[Opening DATA TO PROCESS section]

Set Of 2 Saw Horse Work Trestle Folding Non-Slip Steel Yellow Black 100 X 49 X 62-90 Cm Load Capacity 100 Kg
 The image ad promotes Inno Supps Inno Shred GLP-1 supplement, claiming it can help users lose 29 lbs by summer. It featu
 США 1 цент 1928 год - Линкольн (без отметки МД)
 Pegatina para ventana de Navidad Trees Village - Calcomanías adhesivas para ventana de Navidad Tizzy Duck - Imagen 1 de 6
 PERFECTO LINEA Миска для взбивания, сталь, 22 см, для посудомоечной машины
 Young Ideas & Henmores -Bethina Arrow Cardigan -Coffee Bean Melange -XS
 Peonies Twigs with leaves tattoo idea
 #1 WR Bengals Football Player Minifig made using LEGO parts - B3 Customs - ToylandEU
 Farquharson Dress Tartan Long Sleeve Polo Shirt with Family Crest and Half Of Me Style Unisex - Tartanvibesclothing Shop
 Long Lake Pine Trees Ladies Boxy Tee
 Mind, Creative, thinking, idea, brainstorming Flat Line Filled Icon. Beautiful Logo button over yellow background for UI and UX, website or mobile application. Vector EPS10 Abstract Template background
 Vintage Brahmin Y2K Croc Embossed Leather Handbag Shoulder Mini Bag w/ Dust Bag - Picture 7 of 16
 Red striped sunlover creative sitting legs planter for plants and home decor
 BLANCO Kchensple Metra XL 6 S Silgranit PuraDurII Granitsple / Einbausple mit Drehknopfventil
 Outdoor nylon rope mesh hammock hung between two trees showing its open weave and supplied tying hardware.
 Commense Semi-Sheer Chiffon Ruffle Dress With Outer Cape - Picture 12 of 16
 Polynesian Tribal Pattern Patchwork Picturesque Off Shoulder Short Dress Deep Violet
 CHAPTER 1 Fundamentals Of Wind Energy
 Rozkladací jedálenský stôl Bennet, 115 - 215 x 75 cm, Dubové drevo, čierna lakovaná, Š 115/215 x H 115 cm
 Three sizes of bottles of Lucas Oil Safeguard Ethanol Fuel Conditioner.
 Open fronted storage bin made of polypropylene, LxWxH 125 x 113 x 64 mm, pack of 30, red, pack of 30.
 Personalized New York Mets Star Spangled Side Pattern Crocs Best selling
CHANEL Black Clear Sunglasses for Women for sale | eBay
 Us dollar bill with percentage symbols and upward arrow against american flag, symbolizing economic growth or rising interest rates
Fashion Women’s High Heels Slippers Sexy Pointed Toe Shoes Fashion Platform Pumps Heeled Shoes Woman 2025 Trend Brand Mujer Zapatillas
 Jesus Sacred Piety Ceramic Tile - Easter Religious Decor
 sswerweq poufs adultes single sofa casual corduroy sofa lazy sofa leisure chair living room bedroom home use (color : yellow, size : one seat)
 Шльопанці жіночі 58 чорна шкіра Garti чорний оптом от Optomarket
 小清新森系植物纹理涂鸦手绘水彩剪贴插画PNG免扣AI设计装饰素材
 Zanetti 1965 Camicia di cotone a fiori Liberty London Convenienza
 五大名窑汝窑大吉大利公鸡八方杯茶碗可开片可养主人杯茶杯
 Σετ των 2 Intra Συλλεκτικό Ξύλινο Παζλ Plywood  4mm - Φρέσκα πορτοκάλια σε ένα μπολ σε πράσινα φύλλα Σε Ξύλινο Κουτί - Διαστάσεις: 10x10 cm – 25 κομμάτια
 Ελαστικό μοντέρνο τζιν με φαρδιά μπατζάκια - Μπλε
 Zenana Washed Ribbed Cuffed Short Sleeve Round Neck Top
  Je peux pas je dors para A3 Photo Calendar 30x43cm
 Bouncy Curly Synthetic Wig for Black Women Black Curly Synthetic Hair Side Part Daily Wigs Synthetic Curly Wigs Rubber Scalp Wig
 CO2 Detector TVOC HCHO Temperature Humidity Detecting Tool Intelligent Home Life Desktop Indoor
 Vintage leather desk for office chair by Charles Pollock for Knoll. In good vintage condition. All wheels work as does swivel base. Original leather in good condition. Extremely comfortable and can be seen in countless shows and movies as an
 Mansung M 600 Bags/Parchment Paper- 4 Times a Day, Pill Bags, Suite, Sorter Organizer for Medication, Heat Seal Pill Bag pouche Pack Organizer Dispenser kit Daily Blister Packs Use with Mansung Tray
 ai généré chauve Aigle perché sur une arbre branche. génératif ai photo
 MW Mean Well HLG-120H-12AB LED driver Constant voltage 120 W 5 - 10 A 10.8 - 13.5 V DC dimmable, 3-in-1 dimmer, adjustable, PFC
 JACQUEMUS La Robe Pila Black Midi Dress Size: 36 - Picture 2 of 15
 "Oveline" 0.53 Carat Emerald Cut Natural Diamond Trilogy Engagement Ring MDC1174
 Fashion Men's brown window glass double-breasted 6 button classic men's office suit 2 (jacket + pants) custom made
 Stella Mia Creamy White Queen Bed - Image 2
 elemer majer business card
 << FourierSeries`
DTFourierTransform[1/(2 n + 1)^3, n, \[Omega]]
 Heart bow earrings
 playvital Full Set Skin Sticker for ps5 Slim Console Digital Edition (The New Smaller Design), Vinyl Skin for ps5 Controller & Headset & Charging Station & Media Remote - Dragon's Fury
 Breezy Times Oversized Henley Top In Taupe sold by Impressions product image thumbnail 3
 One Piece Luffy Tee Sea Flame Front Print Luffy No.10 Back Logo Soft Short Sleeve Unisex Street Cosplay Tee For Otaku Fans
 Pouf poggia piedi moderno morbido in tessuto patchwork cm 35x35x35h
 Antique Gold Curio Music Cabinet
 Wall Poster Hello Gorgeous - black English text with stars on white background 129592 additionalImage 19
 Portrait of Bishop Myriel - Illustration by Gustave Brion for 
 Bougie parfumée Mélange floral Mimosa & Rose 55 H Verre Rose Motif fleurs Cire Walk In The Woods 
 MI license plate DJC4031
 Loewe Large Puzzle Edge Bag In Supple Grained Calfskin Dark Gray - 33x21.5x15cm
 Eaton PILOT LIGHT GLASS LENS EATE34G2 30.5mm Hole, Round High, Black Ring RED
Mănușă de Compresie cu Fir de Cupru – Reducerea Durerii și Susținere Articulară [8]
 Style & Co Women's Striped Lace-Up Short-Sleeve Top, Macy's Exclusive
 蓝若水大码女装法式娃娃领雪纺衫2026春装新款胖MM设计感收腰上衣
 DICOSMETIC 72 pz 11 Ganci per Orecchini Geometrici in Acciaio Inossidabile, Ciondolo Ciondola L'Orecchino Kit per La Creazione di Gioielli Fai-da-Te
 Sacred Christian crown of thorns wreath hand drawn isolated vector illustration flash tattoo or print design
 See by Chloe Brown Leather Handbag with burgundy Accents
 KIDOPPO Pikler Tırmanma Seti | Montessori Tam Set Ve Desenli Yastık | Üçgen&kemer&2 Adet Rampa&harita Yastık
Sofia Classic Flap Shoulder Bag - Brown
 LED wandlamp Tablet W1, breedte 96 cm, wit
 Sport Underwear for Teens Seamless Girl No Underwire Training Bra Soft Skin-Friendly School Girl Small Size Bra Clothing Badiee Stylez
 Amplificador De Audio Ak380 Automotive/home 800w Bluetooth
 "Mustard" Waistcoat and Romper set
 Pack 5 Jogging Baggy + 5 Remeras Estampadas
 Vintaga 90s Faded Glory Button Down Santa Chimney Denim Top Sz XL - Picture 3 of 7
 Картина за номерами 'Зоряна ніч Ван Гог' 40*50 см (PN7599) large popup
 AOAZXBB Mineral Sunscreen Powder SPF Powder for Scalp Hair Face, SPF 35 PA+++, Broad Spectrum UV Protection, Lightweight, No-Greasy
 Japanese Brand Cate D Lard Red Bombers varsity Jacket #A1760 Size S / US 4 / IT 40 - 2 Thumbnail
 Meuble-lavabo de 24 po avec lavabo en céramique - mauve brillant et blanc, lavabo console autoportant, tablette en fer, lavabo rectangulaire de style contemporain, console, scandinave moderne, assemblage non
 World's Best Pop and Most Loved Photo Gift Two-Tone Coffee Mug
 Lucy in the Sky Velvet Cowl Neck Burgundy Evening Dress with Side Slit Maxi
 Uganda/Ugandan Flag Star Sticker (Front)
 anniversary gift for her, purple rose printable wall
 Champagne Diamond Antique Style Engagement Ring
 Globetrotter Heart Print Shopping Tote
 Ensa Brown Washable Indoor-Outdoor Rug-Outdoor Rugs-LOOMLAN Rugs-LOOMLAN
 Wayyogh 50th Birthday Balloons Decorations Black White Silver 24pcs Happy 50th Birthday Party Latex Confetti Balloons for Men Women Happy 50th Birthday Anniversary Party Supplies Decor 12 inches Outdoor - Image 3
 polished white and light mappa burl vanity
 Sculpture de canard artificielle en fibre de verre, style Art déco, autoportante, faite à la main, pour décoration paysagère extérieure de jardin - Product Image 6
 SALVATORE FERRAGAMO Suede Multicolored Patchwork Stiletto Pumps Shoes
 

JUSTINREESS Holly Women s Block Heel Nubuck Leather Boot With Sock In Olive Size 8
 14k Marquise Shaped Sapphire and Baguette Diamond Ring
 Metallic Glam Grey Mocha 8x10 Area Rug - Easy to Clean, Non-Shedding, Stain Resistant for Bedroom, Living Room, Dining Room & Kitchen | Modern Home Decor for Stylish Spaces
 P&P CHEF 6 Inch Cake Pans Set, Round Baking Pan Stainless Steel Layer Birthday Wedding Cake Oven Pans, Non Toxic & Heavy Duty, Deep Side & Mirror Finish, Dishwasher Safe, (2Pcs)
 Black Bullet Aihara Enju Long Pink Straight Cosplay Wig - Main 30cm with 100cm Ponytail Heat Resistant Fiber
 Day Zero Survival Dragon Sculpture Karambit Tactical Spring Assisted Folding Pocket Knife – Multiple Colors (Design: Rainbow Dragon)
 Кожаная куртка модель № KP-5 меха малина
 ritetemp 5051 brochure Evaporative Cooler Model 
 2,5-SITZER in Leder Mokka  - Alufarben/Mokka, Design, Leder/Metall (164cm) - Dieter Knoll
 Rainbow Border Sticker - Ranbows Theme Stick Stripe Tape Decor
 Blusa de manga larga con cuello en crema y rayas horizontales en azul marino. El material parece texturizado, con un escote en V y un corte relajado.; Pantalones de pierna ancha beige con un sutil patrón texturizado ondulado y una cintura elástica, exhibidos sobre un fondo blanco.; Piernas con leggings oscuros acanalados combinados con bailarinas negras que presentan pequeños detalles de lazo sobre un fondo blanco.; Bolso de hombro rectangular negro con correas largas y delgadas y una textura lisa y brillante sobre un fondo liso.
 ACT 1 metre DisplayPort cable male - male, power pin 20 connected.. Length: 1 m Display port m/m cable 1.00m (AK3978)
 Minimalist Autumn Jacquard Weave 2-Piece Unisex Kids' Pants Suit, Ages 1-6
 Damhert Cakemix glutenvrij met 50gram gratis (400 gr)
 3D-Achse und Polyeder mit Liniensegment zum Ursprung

[Closing DATA TO PROCESS section]

*REQUIRED WORK:* Start with the line above that contains "Vintage leather desk" and stop after the line that contains "Mansung M 600". Output those lines exactly, and only those.

*REPLY TO THE EXERCISE:*
 Vintage leather desk for office chair by Charles Pollock for Knoll. In good vintage condition. All wheels work as does swivel base. Original leather in good condition. Extremely comfortable and can be seen in countless shows and movies as an
 Mansung M 600 Bags/Parchment Paper- 4 Times a Day, Pill Bags, Suite, Sorter Organizer for Medication, Heat Seal Pill Bag pouche Pack Organizer Dispenser kit Daily Blister Packs Use with Mansung Tray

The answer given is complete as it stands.